A key manufacturing detail was surfaced: actual porosity dropped to 72.38 percent (S06) and 68.53 percent (S08) due to powder adhesion and remelting, which thickened struts and produced teardrop cross sections, especially on inclined members. That explains why simulations at the nominal eighty percent porosity underpredicted stiffness and strength, yet matched closely when compared to simulated seventy percent porosity.
From Research To Bumper
For automotive, aerospace and defense teams looking for lightweight energy absorbers, the beetle topology’s higher quasi-static SEA and more controlled failure are quite promising. The absolute SEA values are in family with other Ti6Al4V lattices in the literature and below some steel lattices that exploit larger cells and delocalized deformation, but titanium’s strength-to-weight and corrosion resistance may justify the choice in weight-critical or harsh environments.
However, throughput is not stated, but the small build cylinder (ninety millimeters diameter by one hundred millimeters height) and horizontal orientation suggest limited part size and potential support interactions. Post-processing stopped at a high-temperature anneal; hot isostatic pressing could refine strut integrity but adds cost. Rate sensitivity needs broader mapping, as S08’s dynamic SEA lagged its quasi-static performance. Fatigue, temperature effects, and crash pulse shaping also remain open.

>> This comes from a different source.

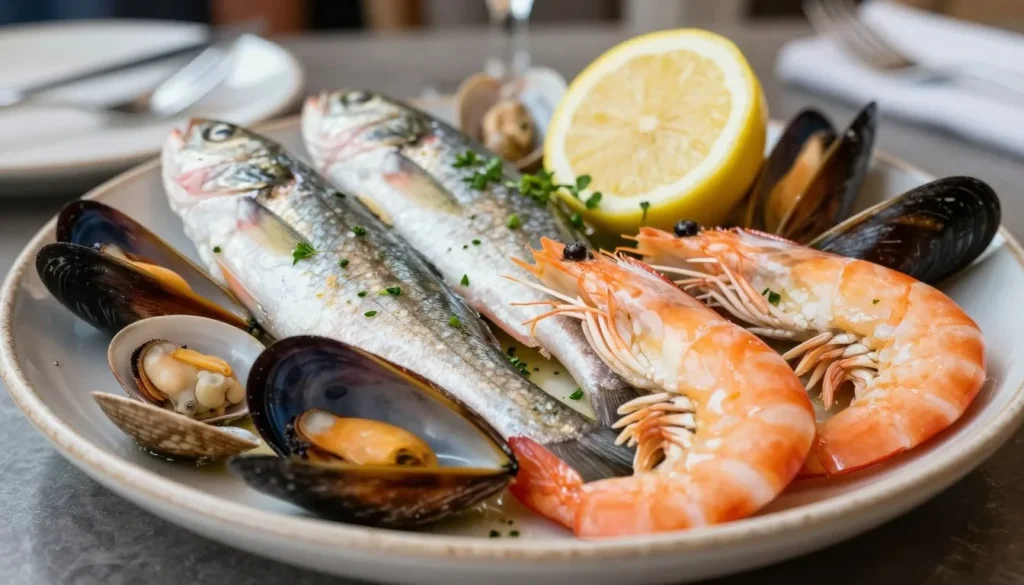 Fresh seafood platter with local Adriatic fish, shellfish, and traditional Italian preparation on restaurant table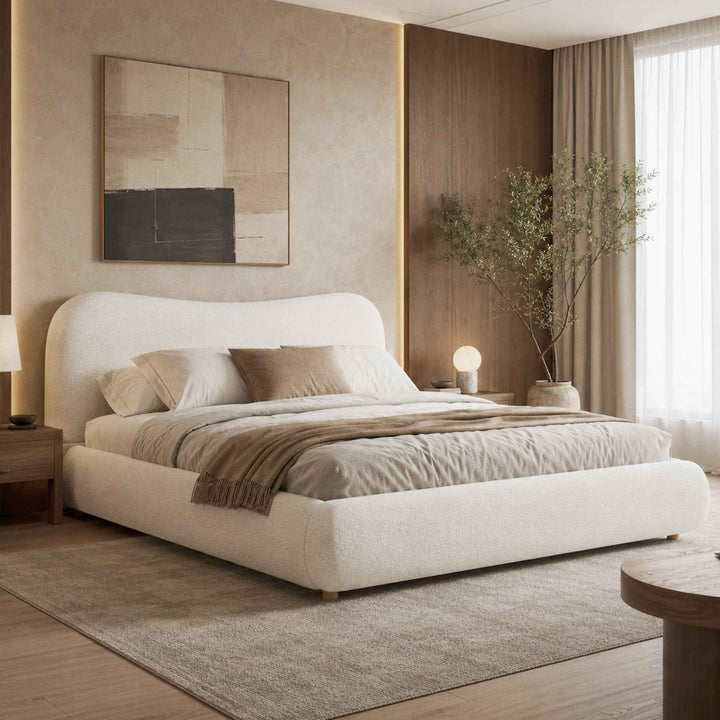 Ottoman Storage Bed Frame 135x190cm Double Boucle Upholstered, Curved Headboard, Warm White, Space Saving, Modern Style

The methodology is the most interesting part. By bracketing simulation across porosity bands and then measuring as-built porosity and strut thickness, the team built a workable loop to predict properties despite LPBF thickening. Design-for-AM steps like filleting cell bases to diffuse stresses, intentional gradient porosity, or parameter tuning to counter teardrop growth should raise SEA further. A scaled study with larger tiles, varied orientations and HIP would make the case stronger for service bureaus and OEM crash labs.